| REQUIRED WORK |
Filter the records below for the word "Набор". Copy each line that holds it.
*-*-*
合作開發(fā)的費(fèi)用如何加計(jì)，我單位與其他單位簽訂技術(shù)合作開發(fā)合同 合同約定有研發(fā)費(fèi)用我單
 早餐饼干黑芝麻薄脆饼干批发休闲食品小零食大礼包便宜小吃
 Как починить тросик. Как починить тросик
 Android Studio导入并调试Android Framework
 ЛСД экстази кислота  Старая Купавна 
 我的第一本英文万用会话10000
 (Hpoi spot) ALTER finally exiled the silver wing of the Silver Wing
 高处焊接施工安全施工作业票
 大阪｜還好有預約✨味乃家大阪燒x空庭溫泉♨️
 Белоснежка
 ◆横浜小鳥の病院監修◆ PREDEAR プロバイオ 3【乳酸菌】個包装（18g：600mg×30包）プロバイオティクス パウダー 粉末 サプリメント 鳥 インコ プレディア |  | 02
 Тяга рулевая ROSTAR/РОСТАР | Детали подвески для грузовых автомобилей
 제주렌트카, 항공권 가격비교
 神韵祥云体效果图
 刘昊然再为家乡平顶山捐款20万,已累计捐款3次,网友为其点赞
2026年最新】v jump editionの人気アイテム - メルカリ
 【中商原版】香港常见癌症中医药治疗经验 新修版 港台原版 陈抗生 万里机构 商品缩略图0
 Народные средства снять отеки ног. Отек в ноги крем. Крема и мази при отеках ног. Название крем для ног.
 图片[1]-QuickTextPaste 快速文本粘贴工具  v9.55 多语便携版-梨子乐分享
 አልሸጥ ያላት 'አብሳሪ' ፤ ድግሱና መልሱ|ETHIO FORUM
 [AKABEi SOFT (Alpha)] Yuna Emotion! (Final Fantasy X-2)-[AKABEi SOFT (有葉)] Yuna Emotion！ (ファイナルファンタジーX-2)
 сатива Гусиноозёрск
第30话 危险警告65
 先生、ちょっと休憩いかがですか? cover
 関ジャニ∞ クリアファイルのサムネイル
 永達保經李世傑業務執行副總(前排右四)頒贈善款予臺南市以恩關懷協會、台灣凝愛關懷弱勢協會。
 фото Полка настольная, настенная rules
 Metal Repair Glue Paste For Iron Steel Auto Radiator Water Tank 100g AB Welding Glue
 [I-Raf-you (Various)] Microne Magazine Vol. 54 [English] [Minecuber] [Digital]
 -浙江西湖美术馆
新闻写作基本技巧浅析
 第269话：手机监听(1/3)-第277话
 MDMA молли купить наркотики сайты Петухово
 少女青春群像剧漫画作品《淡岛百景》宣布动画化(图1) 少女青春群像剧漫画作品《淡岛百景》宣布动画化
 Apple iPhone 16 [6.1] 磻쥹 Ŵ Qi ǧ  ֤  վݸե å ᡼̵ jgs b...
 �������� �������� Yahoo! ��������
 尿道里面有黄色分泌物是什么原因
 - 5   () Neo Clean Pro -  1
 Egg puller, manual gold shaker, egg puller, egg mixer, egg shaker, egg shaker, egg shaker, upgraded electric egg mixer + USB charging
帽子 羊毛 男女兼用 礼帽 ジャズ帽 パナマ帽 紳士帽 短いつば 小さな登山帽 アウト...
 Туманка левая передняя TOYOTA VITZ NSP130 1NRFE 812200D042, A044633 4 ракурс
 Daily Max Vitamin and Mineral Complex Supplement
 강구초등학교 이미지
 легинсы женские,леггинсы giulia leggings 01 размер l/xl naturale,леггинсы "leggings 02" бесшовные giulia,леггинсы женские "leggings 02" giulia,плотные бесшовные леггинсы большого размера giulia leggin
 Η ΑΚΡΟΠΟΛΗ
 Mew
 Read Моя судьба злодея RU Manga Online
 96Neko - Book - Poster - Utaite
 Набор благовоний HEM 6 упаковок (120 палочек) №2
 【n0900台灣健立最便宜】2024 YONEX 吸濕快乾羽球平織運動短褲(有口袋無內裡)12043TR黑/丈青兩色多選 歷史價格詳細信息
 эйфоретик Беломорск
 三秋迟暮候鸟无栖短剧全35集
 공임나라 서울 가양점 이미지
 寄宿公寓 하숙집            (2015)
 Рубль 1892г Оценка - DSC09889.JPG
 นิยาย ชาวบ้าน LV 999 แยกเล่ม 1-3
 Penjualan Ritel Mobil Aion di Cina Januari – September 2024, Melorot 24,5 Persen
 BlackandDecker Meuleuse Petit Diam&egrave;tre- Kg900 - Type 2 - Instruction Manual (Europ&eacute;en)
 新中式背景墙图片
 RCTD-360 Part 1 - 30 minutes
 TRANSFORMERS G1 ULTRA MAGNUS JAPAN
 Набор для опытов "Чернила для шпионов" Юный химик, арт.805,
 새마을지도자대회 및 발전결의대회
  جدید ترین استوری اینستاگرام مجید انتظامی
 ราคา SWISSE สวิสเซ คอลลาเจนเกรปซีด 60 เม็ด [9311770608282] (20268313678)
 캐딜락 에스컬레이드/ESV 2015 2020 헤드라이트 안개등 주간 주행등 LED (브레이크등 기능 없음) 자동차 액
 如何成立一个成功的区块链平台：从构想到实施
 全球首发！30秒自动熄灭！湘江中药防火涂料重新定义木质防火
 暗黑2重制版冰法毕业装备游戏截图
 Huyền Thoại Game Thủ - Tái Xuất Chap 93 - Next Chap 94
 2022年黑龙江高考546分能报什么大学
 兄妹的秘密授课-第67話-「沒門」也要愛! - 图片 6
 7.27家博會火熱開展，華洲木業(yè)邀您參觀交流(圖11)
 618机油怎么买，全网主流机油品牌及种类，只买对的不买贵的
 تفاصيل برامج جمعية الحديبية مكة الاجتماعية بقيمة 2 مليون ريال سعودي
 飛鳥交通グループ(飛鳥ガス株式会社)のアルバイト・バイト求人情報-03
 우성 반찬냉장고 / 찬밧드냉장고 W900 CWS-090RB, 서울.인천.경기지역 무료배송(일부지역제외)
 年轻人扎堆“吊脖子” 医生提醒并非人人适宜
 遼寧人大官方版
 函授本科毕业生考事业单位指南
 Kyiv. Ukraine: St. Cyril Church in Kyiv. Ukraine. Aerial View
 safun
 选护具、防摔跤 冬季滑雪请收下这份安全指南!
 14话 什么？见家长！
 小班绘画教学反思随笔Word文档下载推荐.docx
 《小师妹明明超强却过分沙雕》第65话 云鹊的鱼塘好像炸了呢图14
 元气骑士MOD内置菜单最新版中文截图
*-*-*
| TASK RESPONSE |
 Набор благовоний HEM 6 упаковок (120 палочек) №2
 Набор для опытов "Чернила для шпионов" Юный химик, арт.805,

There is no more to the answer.